Pretty, sweet, adorable. These are the adjectives typically printed on baby girl onesies. But wander over to the boy’s section and you’ll find baby onesies that read smart, brilliant, and genius.
So why is it that girls can only be pretty or cute, but boys are smart or geniuses?
Inventory and logistics manager Angela Gurney is a proud new mom of a little girl, and she wants her bundle of joy to know that she can be smart and pretty.
And it was while shopping at the popular baby store Carter’s that Gurney realized how important this message is.
“The girl’s section was all pink and sparkles and ruffles, with onesies covered in very superficial labels. The boys section was much more varied in colors and messages like strength, courage, and genius,” Gurney said.
Frustrated by this, Gurney choose to buy her new daughter a ‘boy’ outfit.
And the notion that girls can only be pretty is not something that is new. In June 2014 Dove launched the campaign “Like A Girl” to prove that girls can be strong, smart and brave all while being pretty.
The commercial, which ended up gaining a coveted Super Bowl spot during the halftime show, won a 2015 Creative Arts Emmy for its powerful message.
But like many trending topics, the “Like A Girl” campaign has become a thing of the past, yet the notion that girls are only pretty still remains very relevant today.

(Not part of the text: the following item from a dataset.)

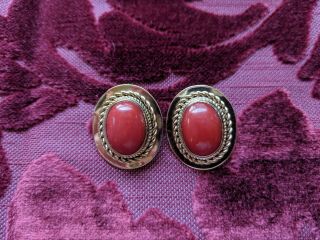 ANTIQUE LARGE OVAL RED CORAL 22KT YELLOW GOLD CLASSIC CLIP ON EARRINGS 8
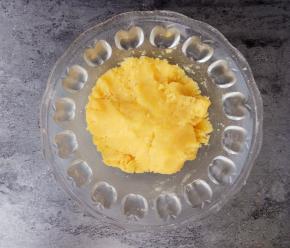 用刮刀翻拌均匀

“It’s important to shift away from a patriarchal society. If you subjugate more than half of the population, there is no chance of progress. As a global society, we cannot afford to consider women second class citizens,” Gurney said.
From the wage gap that still sits between men and women, to the idea that women need to wear hight heels to be successful in the workplace, the idea that women are worth less than their male counterparts is a social norm that desperately needs a makeover.
“Being constantly objectified from a young age wears on a girl!” Gurney said. “I have resolved to fight for her and to help her find her place in the world, wherever that may be.”